The rise and fall in support for British political parties


How the distribution of the popular vote has been shared between Britain’s main political parties since the 1950s

The two mainstays of British politics, the Conservative party and the Labour party, have been the major parliamentary powers for a century. Not since David Lloyd George’s Liberal-led coalition fell in 1922 has any other party led a government. When in power, rarely has either party had to suffer the indignity of a coalition.

Seen as opposites of one other, with the Conservative party occupying the right-wing of British politics and Labour the left, it’s all too easy to assume that as one party’s power wanes, the other rises. But, given the winner-takes-all system used in Britain’s national elections, that doesn’t tell the whole story. In the 2005 election, Labour won 35% of the popular vote, the Conservatives 32% — yet Labour got 62% of the seats in parliament, the Conservatives’ 31%.
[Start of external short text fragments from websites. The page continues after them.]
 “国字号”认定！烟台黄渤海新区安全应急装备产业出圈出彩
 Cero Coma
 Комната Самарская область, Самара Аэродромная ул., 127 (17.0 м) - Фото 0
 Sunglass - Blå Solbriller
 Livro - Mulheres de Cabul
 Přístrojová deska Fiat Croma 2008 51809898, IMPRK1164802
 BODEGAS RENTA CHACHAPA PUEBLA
Chart showing the distribution of constituency votes in British general elections between 1955 and 2017

To try and understand the distribution of the popular vote for these two parties, I reached for a visualisation called the ridgeline plot. Looking like nothing more than gently sloping hills, they’re useful for visualising changes in distributions over time or space. (The first such plot was created in order to pick out patterns in radio signals emitted by pulsars. It was later used on the cover of Joy Division’s debut album, Unknown Pleasures.)
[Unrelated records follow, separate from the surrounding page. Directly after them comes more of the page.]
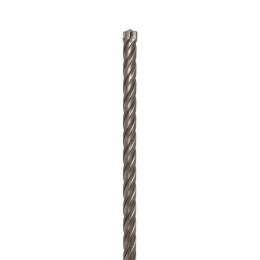 Бур по бетону SDS-plus 8х210 мм (4 резца) Professional EKF db-8-210-4x4-ue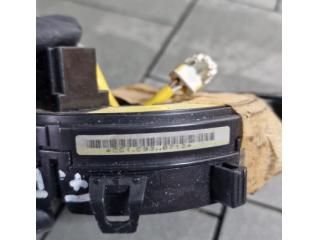 bontott FORD FIESTA VI Légzsák Átvezető Szalagkábel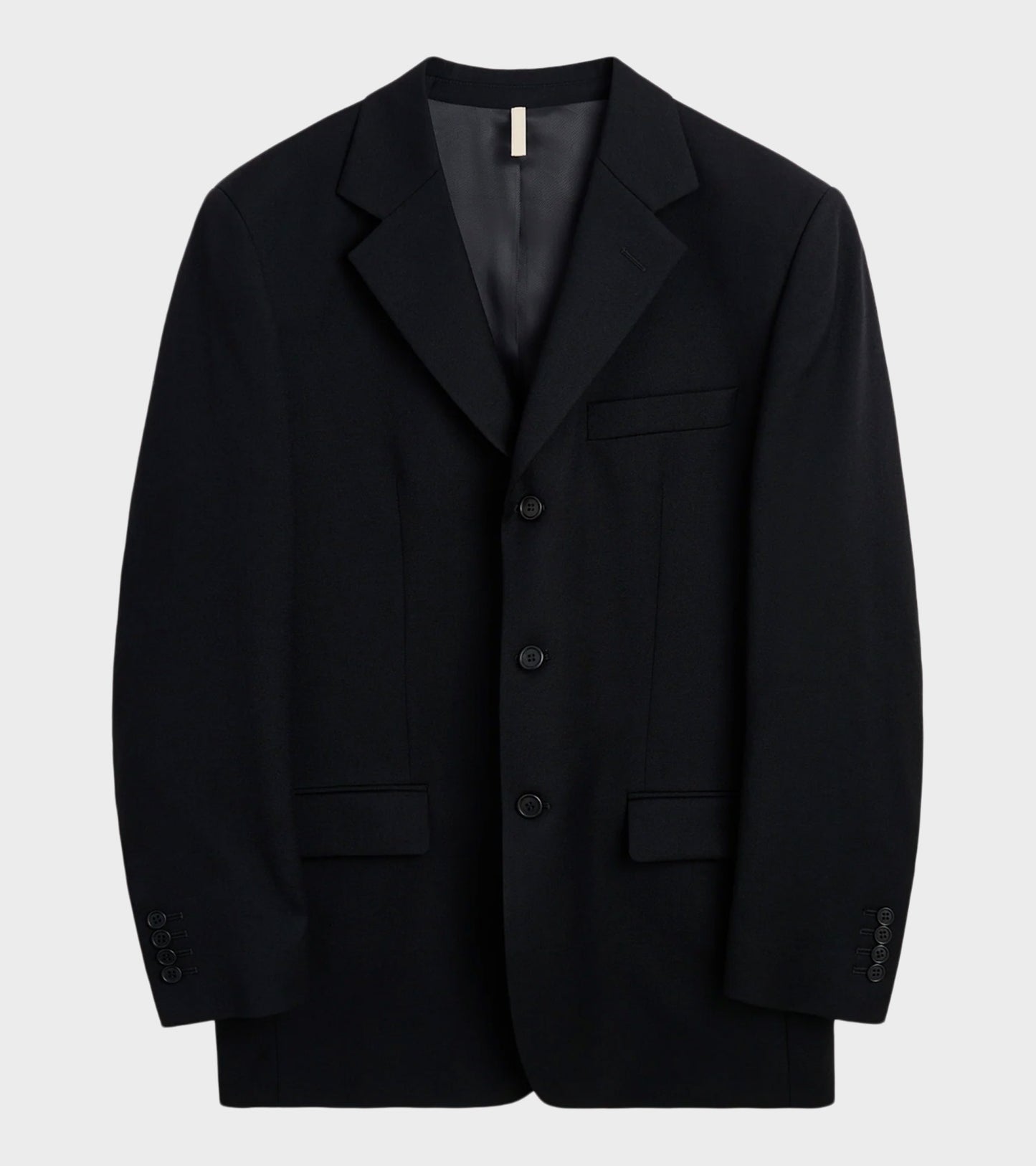 Show Blazer Black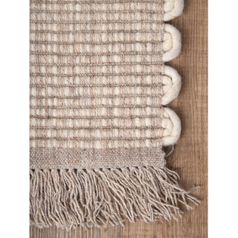 Ковер из шерсти Badrinath из коллекции Ethnic, 160x230 см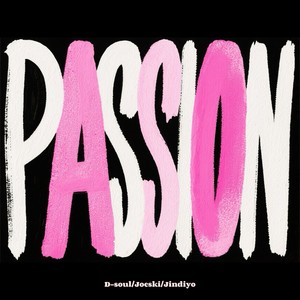 Diso - Passion
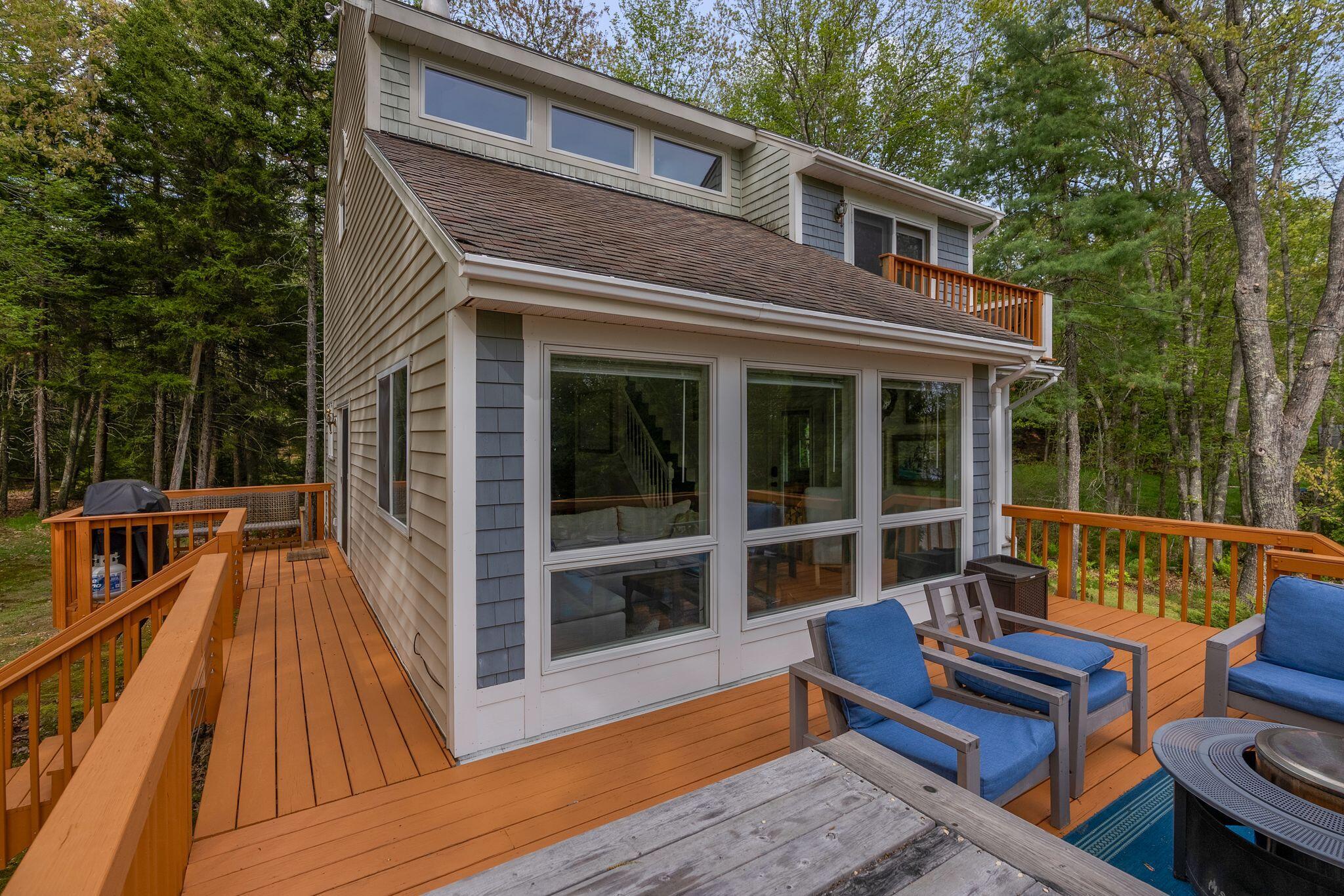 259 Marrtown Road Georgetown, ME 04548 - Photo 59 of 81 259 Marrtown in Georgetown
The chart is a variation on a histogram. It shows us the spread of each party’s share of the vote in every constituency for each election. The peaks help show us where values are most concentrated in each election. In the 1964 election, for example, the Conservative peak around 38% tells us their constituency vote clustered around that level.

Up until the 1980s, both parties had a long tail: a large number of constituencies with a low vote share, where the vote faded slowly away from the main peak of the distribution. In more recent elections this long tail has changed into a second, smaller, peak — the distribution becomes almost bimodal. I wonder if this is an indication that the parties have become better at categorising constituencies: don’t put time and money into that constituency, the data tells us it’s unwinnable. That sort of thing.

As for the story the data tells, the 1980s stand out: Labour in its wilderness years during Margret Thatcher’s long rule; the Conservatives strong throughout. Later, Thatcher is ousted and Labour surge back under Tony Blair. But from the Himalayan peak of 2001, Labour’s support diminishes. Now, we’re left not with mountains, but with distributions that look like hats left forgotten on a train, crushed under the weight of an inattentive passenger.

The code is available on GitHub. It uses Hadley Wickham’s ggplot2 package for the R programming language, and Claus Wilke’s ggridges extension. The data came from Electoral Calculus.